During this transition, Robin Morey served as the vice president of planning and facilities management. Morey left in July 2018, and Simmons filled the role until Benjamin Kuo took office Dec. 1.
As facilities transitioned to trade-based delegation, however, workers felt a significant shift in their roles without preparation or support.
For example, the trade-based structure placed Sam — a general building maintenance worker before the switch — in the plumbing skill shop, without the training or wage increase associated with skill specialization. A skill shop is a department within facilities that includes workers to reflect their area of expertise.
“As a building maintenance worker, you’re not allowed to be in a skilled shop,” Sam said. “You need a certain certificate in order to do it. Before they changed it around, if I would’ve wanted to go to that skill shop, I would have to go to school and get trained. They just moved us and put us in the skilled shop with no training, no nothing. It’s a safety issue.”
Yet the building workers forced into skill shops have not received the pay of certified technicians, according to Leo.
“I feel sorry for the guys,” Leo said. “I’m in the [air conditioning] classification, I get paid as an AC technician. But, the guys in the lower level are doing the AC job, but they are not getting paid for it as AC workers.”
Georgetown, however, says it “remains committed to ensuring staff are equipped with the resources, training and tools needed to support their respective teams,” Simmons wrote.
In the previous, zone-based system, building maintenance workers were responsible for maintaining either an academic or residential building. Now, workers have to cross campus to fulfill tasks in multiple buildings, according to Sam.
“When they put us in skilled shops and took us out of zones, now every worker has to go work academic and residential,” Sam said.
Georgetown’s new system, combined with understaffing, has exacerbated the burden on workers to complete work orders in a timely manner, according to Leo.
“They overload us with more work,” Leo said. “That affects us, because when they centralize everything, now we have to run from building to building.”

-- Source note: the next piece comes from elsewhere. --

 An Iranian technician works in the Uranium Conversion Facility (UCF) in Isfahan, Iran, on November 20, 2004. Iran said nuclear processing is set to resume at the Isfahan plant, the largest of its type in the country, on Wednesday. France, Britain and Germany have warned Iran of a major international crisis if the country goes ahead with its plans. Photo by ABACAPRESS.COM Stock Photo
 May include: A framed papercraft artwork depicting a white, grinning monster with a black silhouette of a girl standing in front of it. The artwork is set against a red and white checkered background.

The office currently employs 21 workers, and the administration is actively trying to fill three vacancies within the shop, according to a university representative.
Leo, however, claims there were 30 AC technicians before Morey took over facilities in 2012. Currently, 12 or 13 workers are classified in the AC realm, according to Leo.
“A couple of them are very old guys, so we don’t count on them — they barely move around,” he said. “People have died, people have retired — and they have never hired people again.”
The trade-based system and understaffing not only affect the workers but also hamper maintenance work vital to campus equipment, students and building infrastructure.
“With the small amount of personnel, the AC equipment at Georgetown is not well-maintained,” Leo said. “A few months ago, I got sick, and I was out for two weeks. Nobody did my tickets. There was a student in Village B without cooling for almost three months — nobody came over.”
An Outlet for Help?
Leo and Sam both suggested the university’s institutional support systems were apathetic to their work-related grievances about hostile management.
“I want students to know about the discrimination, the retaliation and the bullying from that management team,” Sam said. “That’s a constant thing. If you talk to a lot of workers now, there are a lot of workers who have been here and have enjoyed their job and loved coming to work — don’t want to come to work anymore.”
Workers are able to file an official complaint or seek help through institutional resources such as human resources, the Office of Institutional Diversity, Equity and Affirmative Action, or the 1199SEIU labor union.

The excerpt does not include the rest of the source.